One of the requirements is to allow members to communicate among themselves anonymously, (without members finding out other members e-mail addresses which will be kept on our database).
For example if our member with E-mail address anthony@this_ip.com.zz
wants to communicate with our member with E-mail address
annemarie@another_ip.net.aa, we will have both E-mail addresses on our database but we have to find a way to allow anthony and annemarie to
communicate with one another without becoming aware of the other's
E-mail address.
We'd like also to free our computer once this communication is established,
if we can.
What would be the most efficient way to do this?
A big thank you to those who answer these questions.
Originally posted by blampain We'd like also to free our computer once this communication is established,
if we can.
If your clients communicate directly some identifying info will get through (ie IP address). You'll want your server in the middle to act as a proxy. Did you want real time communications like IM? If yes, you'll want a system that uses a central server that accepts the message and forwards them to the appropriate client. Something like Jabber might do the trick.

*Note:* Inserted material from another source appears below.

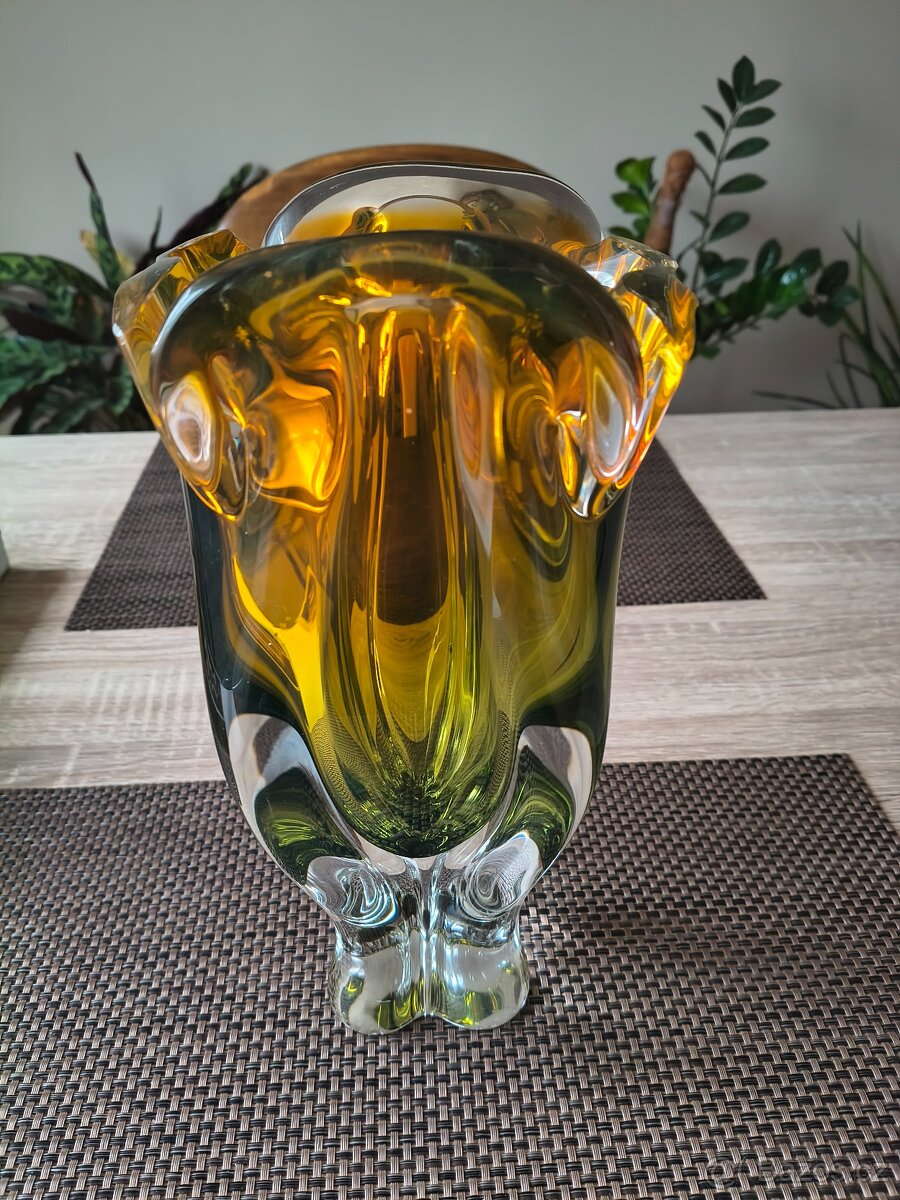 Váza hutní sklo - 2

You could also go the web-based route. You can find several collaboration packages over at Freshmeat.
Distribution: OpenBSD 4.6, OS X 10.6.2, CentOS 4 & 5
Posts: 3,660
Rep:
You could also use a web mail system that assigns each user an e-mail address @yourdomain.tld. Your database can associate their outside e-mail address with the one in your database and accept the messages, then re-write the header to use the e-mail address from your organization before sending to the intended destination. Only your system will know the real e-mail addresses, but to everyone else it will look like they e-mail each other @yourdomain.tld, yet they get responses back to their own e-mail account.